● **What is expected**
Copy out the entries below in full and exactly.

(Beginning of Supplied entries)

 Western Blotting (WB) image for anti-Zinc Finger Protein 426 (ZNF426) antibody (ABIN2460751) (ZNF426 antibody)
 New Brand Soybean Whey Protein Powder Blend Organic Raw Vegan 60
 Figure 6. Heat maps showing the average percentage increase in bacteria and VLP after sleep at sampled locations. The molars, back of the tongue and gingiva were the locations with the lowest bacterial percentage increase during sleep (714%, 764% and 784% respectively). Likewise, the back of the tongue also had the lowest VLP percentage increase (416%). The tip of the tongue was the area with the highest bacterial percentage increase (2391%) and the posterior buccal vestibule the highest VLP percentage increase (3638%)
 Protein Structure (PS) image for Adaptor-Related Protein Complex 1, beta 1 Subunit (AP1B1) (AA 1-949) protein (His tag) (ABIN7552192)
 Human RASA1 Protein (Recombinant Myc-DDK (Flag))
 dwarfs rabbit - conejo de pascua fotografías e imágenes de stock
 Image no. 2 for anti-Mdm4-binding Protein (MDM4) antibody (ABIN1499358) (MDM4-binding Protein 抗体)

(End of Supplied entries)

● **Exercise response**
 Western Blotting (WB) image for anti-Zinc Finger Protein 426 (ZNF426) antibody (ABIN2460751) (ZNF426 antibody)
 New Brand Soybean Whey Protein Powder Blend Organic Raw Vegan 60
 Figure 6. Heat maps showing the average percentage increase in bacteria and VLP after sleep at sampled locations. The molars, back of the tongue and gingiva were the locations with the lowest bacterial percentage increase during sleep (714%, 764% and 784% respectively). Likewise, the back of the tongue also had the lowest VLP percentage increase (416%). The tip of the tongue was the area with the highest bacterial percentage increase (2391%) and the posterior buccal vestibule the highest VLP percentage increase (3638%)
 Protein Structure (PS) image for Adaptor-Related Protein Complex 1, beta 1 Subunit (AP1B1) (AA 1-949) protein (His tag) (ABIN7552192)
 Human RASA1 Protein (Recombinant Myc-DDK (Flag))
 dwarfs rabbit - conejo de pascua fotografías e imágenes de stock
 Image no. 2 for anti-Mdm4-binding Protein (MDM4) antibody (ABIN1499358) (MDM4-binding Protein 抗体)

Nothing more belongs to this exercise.